[What you have to do]
Pictures stay out; please output the remaining data exactly.

[Records for processing]
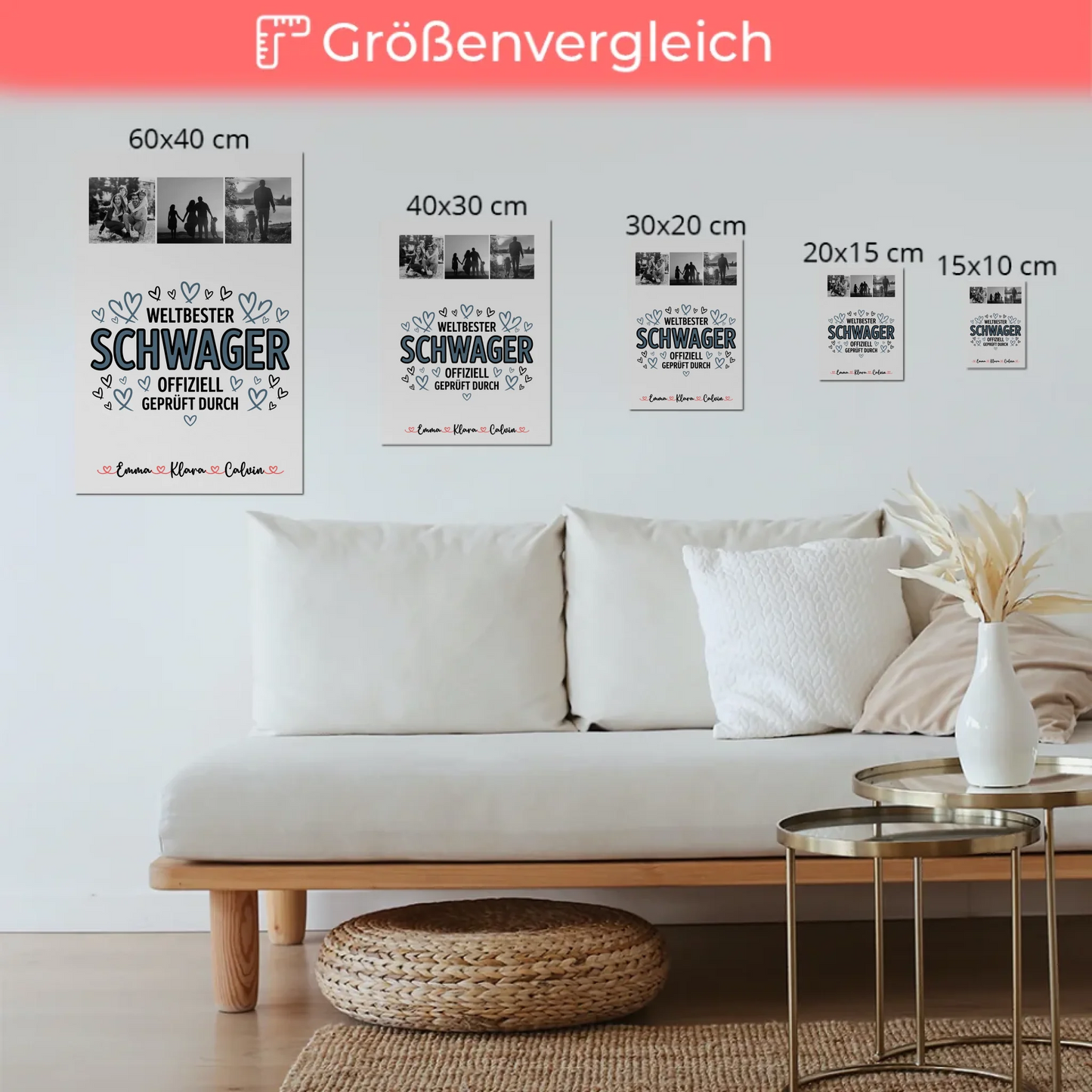 Fotoboard Magnet Wandbild Geschenk Fotocollage Schwager Weltbester Schwager Offiziell Geprüft Durch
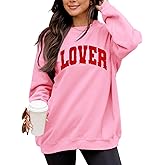 LETSEE Womens Valentine Crewneck Sweatshirt Letter Chenille Patch Long Sleeve Pullover Tops Oversized Clothes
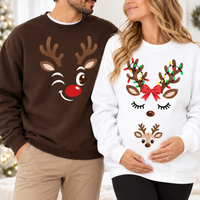 Christmas Reindeer Pregnancy Announcement Sweatshirt & Hoodie – Matching Couple Set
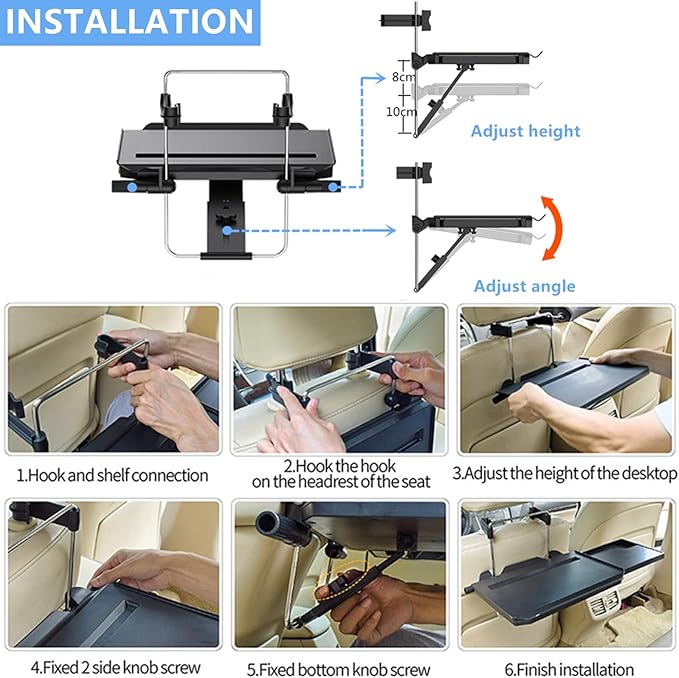 2 in 1 Car Steering Wheel Tray / Back Seat Headrest Tray for Eating Food Drink and Writing Laptop Work, XERGUR Black Car Desk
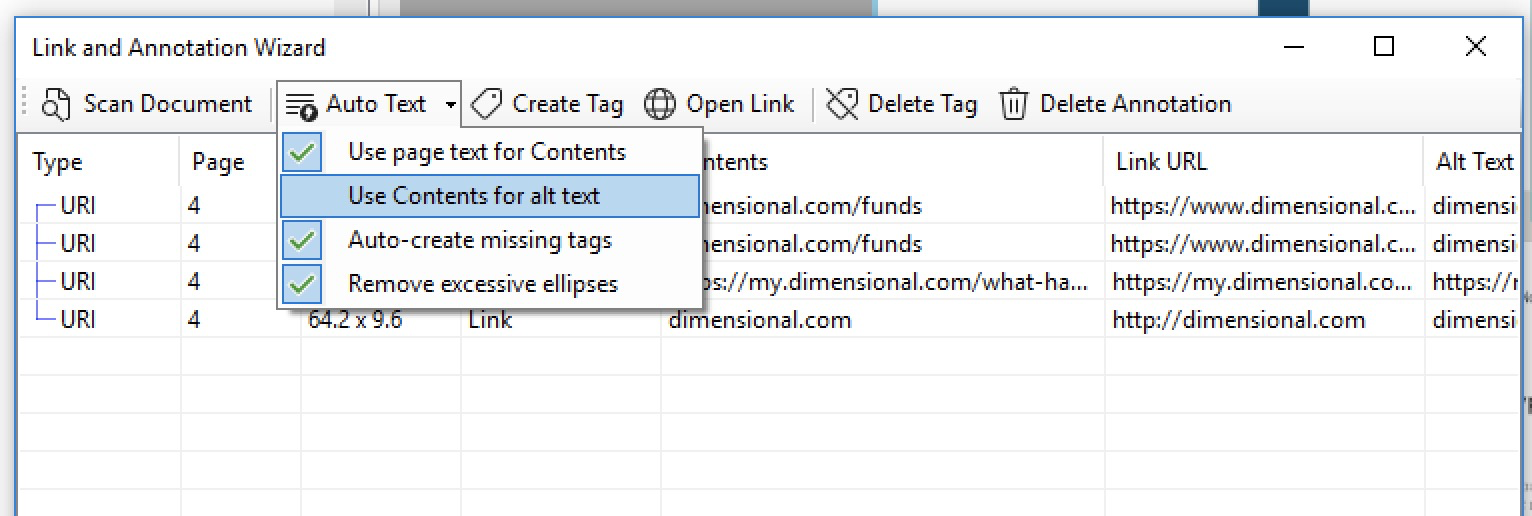 Skærmbillede til sletning af annoteringer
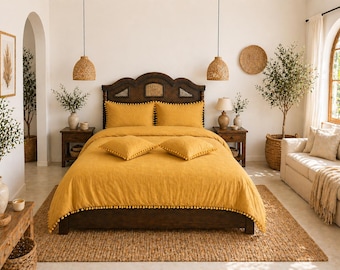 Senfgelbe Pom Pom Bettwäsche, Boho Baumwoll Bettbezug mit Quasten, Bauernhaus Trösterbezug mit Kissenbezügen, texturierte Tagesdecke,
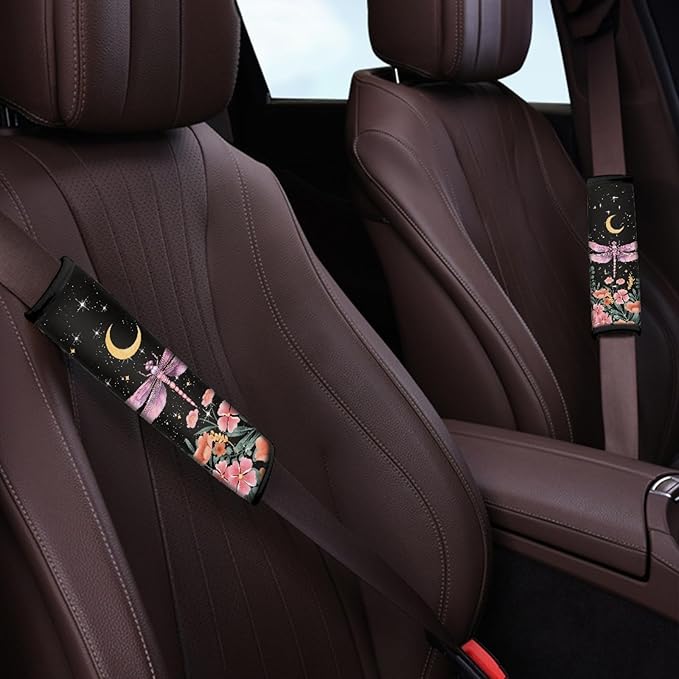 UNICEU Neoprene Soft Car Seatbelt Pads Protector Cover, Forest Floral Dragonfly Print 2 Packs Soft Car Safety Seatbelt Strap for Kids Adults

[Result of the task]
 Fotoboard Magnet Wandbild Geschenk Fotocollage Schwager Weltbester Schwager Offiziell Geprüft Durch
 LETSEE Womens Valentine Crewneck Sweatshirt Letter Chenille Patch Long Sleeve Pullover Tops Oversized Clothes
 Christmas Reindeer Pregnancy Announcement Sweatshirt & Hoodie – Matching Couple Set
 2 in 1 Car Steering Wheel Tray / Back Seat Headrest Tray for Eating Food Drink and Writing Laptop Work, XERGUR Black Car Desk
 Skærmbillede til sletning af annoteringer
 Senfgelbe Pom Pom Bettwäsche, Boho Baumwoll Bettbezug mit Quasten, Bauernhaus Trösterbezug mit Kissenbezügen, texturierte Tagesdecke,
 UNICEU Neoprene Soft Car Seatbelt Pads Protector Cover, Forest Floral Dragonfly Print 2 Packs Soft Car Safety Seatbelt Strap for Kids Adults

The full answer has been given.